Zahraa Hussein Mohsin: “Güçlü olduğumu biliyorum ve başarabileceğime inanıyorum.”
UN Women ve MUDEM tarafından yönetilen ve Japonya hükümetinin desteğiyle açılan İzmir Kadın Dayanışma Merkezinin yararlanıcılarından
Türkiye’ye 2015 yılında Irak’tan gelen ve İzmir’e yerleşen Zahraa Hussein Mohsin, “Geçici Koruma Altındaki Suriyeli Kadın ve Genç Kızların Sosyal ve Ekonomik İstikrarı ve Dayanıklılığının Güçlendirilmesi Projesi” kapsamında Birleşmiş Milletler Kadın Birimi (UN Women) ve Mülteci Destek Derneği (MUDEM) tarafından yönetilen ve Japonya hükümetinin desteğiyle açılan İzmir Kadın Dayanışma Merkezinin yararlanıcılarından. Merkezin sosyal yaşamına ve kişisel gelişimine önemli bir katkısı olduğunu söyleyen Zahraa, “Merkez bize güçlü olduğumuzu gösterdi. Artık güçlü olduğumu biliyorum, başarılı olabileceğime inanıyorum. Gastronomi okumak ve aşçı olmak istiyorum” diyor.
“Ben Zahraa. 22 yaşındayım. Iraklıyım. Babam Irak’ta zor günler geçiriyordu, annem, ağabeyim ve beni Türkiye’ye gönderdi. 2015 yılında mülteci olarak Türkiye’ye geldim. Babam ise 2016 yılında Türkiye’ye geldi.
Aile olarak kalıtsal böbrek rahatsızlığımız var. Ablam böbrek yetmezliği dolayısıyla vefat etti. Ağabeyim ve ben böbrek hastasıyız. Abim 13 yıldır diyalize giriyor. Ben de 2018 yılında böbrek nakli oldum. Annem bana böbreğini verdi.
Böbrek nakli olmadan önce benim hayatım hep evde geçiyordu. Hiç dışarıya çıkmıyordum. Hiç arkadaşım yoktu. Nakilden önce hayatı hiç tanımıyordum.
Böbrek nakli olduktan sonra Türkiye’de açık öğretimde ortaokula başladım. Birçok sivil toplum kuruluşunda gönüllü olarak çalıştım. Türkçe kurslarına katıldım, temel fotoğrafçılık eğitimi aldım, aşçı çıraklığı kursuna katıldım. Aktif bir sosyal hayatım oldu, arkadaşlarım oldu: Nur, Rama ve Bedriye.
Kadın Dayanışma Merkezini bir arkadaşımdan duydum. Bilgisayar kursuna katılmaya başladım. Şu anda koronavirüs salgını sebebiyle kursa ara verdik ancak Eylül’de çalışmalarımıza devam edeceğiz. Merkezde birçok kişisel gelişim eğitimine katıldım. İletişim, toplumsal cinsiyet, problem çözme, zaman ve stres yönetimi, finansal okuryazarlık gibi programlar benim için çok faydalı oldu. Kendime güvenmeyi öğrendim, kendimi ifade etmeyi öğrendim. İzmir Kadın Dayanışma Merkezindeki ekip, tercümanlar ve psikolog bana çok yardımcı oluyor.
Ben hastalığımdan dolayı evde durmaya alışığım. COVID-19 salgının başlamasıyla evlerde vakit geçirmemiz benim için normal bir süreç oldu. Merkezin faaliyetlerine internet üzerinden katıldım.

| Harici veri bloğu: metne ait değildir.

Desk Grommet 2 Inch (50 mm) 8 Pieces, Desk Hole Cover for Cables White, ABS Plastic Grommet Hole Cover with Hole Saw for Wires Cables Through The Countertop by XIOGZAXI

Dünya Mülteciler Gününde hep birlikte ‘Hayat Bayram Olsa’ şarkısını söyledik. Şarkı, UN Women Turkey sosyal medya hesaplarında paylaşıldı. Merkez evlerimize resim malzemeleri gönderdi. Babam ve ağabeyimle birlikte resim yaptık, birlikte saksı boyadık. Şimdi iş yaşamı ile ilgili online eğitimlere ve pilates derslerine katılacağım.
İzmir Kadın Dayanışma Merkezi sayesinde kendime daha çok güvenmeye başladım. Orada bize güçlü olduğumuzu hatırlatıyorlar. Bugüne kadar hiç kimse bana ‘sen güçlü bir kadınsın’ demedi. Artık güçlü olduğumu biliyorum, başarılı olabileceğime inanıyorum. Hayatta ben de varım diyebiliyorum. Okulumu bitirmek, üniversitede gastronomi okumak ve aşçı olmak istiyorum.”